Comment pertama begitu aku posting “What the Fucking Beautiful Creature” adalah tidak lain dari sahabat kecilku (karena tubuhnya mungil banget hehehee….)
“mas, gak usah pake kata “fucking” itu kali…
kepengaruh bule banged sih?
burungnya udah cantik gitu malah tidak diapreasiasi dengan baik.
iya tau, mas itu saking terkesannya dengan kecantikan burung sampe musti bilang fucking beautiful bird segala. bisa kan pake kata-kata yang biasa aja.., toh secara visual burungnya udah cakep banget.”

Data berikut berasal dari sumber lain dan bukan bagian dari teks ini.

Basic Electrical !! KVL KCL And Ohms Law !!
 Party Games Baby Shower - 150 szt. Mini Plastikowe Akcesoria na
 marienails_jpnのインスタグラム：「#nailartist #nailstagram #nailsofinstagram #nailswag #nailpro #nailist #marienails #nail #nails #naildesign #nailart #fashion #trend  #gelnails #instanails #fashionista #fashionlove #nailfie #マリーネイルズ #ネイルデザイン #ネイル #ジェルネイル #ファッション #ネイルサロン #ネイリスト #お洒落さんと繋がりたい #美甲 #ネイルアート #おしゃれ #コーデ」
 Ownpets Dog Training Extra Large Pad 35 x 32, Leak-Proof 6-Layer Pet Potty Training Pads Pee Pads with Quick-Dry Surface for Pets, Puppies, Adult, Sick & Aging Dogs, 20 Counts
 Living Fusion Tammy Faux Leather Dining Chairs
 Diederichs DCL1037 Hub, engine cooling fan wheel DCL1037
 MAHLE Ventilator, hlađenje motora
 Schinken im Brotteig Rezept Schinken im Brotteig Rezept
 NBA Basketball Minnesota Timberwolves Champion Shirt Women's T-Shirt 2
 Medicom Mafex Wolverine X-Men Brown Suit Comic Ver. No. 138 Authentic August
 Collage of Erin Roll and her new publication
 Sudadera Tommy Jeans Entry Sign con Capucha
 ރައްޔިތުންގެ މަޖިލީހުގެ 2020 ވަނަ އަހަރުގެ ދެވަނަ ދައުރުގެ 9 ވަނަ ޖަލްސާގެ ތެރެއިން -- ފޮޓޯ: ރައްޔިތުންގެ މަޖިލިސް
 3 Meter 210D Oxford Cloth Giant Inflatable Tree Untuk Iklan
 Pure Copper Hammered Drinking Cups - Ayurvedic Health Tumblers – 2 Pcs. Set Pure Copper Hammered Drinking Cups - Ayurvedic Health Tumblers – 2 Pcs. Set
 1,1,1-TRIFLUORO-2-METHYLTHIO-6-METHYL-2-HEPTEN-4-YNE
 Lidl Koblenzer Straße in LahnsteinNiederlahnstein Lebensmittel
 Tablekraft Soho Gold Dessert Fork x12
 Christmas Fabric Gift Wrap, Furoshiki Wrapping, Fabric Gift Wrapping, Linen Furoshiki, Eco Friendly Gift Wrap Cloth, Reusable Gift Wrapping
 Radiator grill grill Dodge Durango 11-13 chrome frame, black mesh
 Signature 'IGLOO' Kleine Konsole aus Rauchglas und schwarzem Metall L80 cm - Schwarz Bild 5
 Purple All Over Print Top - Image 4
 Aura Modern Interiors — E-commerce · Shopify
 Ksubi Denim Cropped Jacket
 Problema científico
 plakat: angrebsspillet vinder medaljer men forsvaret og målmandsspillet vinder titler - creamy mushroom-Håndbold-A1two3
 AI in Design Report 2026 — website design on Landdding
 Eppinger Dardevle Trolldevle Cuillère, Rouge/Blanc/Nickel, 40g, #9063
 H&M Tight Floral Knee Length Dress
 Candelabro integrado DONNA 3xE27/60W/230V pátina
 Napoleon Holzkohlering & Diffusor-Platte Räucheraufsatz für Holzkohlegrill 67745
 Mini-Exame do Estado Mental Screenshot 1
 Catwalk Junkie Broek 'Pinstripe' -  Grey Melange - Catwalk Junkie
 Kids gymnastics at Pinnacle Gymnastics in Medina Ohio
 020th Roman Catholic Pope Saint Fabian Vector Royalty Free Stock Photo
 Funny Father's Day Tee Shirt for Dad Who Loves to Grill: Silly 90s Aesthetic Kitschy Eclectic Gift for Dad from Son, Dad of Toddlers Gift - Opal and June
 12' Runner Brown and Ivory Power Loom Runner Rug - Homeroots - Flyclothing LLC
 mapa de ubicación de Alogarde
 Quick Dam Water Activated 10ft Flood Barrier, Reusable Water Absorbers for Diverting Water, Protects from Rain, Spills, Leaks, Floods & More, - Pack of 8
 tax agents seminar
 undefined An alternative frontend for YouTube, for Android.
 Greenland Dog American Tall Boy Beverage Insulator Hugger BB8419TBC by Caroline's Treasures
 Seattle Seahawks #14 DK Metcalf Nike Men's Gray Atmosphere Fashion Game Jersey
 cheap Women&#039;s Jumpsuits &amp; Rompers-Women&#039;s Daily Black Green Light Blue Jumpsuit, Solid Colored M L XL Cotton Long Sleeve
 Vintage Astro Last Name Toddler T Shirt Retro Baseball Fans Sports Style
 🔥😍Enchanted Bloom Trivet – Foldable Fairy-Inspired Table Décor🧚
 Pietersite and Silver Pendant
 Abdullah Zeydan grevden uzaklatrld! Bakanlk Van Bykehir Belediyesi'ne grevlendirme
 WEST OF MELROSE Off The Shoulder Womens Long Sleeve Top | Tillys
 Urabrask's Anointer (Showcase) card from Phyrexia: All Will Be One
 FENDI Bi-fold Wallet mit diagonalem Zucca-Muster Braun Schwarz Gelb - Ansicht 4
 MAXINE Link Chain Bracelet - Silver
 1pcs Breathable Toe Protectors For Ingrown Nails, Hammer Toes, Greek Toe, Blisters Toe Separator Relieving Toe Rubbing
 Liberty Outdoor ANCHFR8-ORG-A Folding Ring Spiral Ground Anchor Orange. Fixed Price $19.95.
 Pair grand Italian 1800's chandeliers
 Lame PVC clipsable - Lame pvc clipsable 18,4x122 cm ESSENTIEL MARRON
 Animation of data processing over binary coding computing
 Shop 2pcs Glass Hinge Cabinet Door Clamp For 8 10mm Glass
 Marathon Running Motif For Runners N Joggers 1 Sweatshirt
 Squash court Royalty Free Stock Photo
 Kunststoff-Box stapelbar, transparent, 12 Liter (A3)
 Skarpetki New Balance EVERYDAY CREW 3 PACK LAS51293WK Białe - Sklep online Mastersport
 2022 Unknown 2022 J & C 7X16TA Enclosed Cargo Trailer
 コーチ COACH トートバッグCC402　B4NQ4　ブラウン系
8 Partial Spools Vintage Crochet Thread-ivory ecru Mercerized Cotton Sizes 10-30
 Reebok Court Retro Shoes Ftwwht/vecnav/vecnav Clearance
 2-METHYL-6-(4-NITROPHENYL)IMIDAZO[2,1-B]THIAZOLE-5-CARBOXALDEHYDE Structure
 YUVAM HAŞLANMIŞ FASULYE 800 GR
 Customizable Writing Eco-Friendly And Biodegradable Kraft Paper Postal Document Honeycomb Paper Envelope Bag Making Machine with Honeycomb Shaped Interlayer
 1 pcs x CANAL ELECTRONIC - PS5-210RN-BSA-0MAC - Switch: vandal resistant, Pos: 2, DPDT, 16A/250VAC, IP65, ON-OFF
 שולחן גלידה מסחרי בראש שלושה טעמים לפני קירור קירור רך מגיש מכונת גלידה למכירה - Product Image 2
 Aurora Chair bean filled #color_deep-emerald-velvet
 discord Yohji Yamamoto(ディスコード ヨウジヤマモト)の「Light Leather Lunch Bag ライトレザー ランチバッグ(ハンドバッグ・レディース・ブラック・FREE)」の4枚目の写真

Begitu dapet comment begitu, dan dari seseorang yang menurut aku jauh lebih pinter bahasa inggris, spontan saja judul postinganku aku ganti “What the Bajigur Beautiful Creature”. Jadi apa bedanya fuck dan bajigur? Aku nggak tahu!
Tapi yang jelas, apalagi saya pernah lama di Jogja, bajigur sering saya pake untuk misuh, marahi orang, dan ungkapan kagum yang kalo seumpama dikalimatkan akan membutuhkan banyak kata, frase, struktur dan majas-majas yang pasti saya kesulitan merangkainya.
Ketika saya dilanggar oleh pengendara motor di jalanan Jogja, spontan saya langsung teriak:”Bajigur! Matane dinggo su!” disini bajigur membawa pesan kemarahan, yang pada akhirnya dia memiliki makna negatif. Mungkin akan sangat beda kalo ketika saya melihat elang laut untuk yang pertama kalinya dalam hidupku:”Bajigur…elang laut to?” saya tidak bisa membayangkan kalo saya harus pake puisi untuk mewakili keindahan si elang dalam tulisan.
Bajigur atau mungkin fuck yang saya pake di postingan saya itu, tidak lebih adalah sari paling inti dari sebuah loncatan radikal rasa kagum akan sebuah keindahan saya kepada makhluk Tuhan yang bernama burung. Mungkin bisa disandingkan dengan kalimat subhanallah dalam bahasa arab. Maaf saya bukannya menyandingkan keindahan dan kesucian bahasa Al-Qur’an dengan bahasa jalanan. Tapi ini adalah media. Sama halnya dengan hukum awal barang: mubah atau netral. Dia akan menjadi haram atau halal setelah digunakan untuk apa.
Dan bajigur, fuck, kampret, asu, atau dancuk pun bisa menjadi kalimat thayyibah ketika dia digunakan untuk mengungkapan rasa kagum, rasa bersyukur atas sebuah karunia Tuhan yang bernama keindahan. Memang pada akhirnya tergantung budaya mana yang junjung karena disitu bumi dipijak. Jadi ketika sahabat saya langsung protes begitu saya memakai istilah “fucking” saya tidak boleh tersinggung karena mungkin dia sangat paham budaya apa yang telah menciptakan kata itu. Jadi spontan saja saya ganti bajigur.
Sebenarnya saya sedang menggambar gunung yang sama dengan memakai media lukis dan aliran yang berbeda.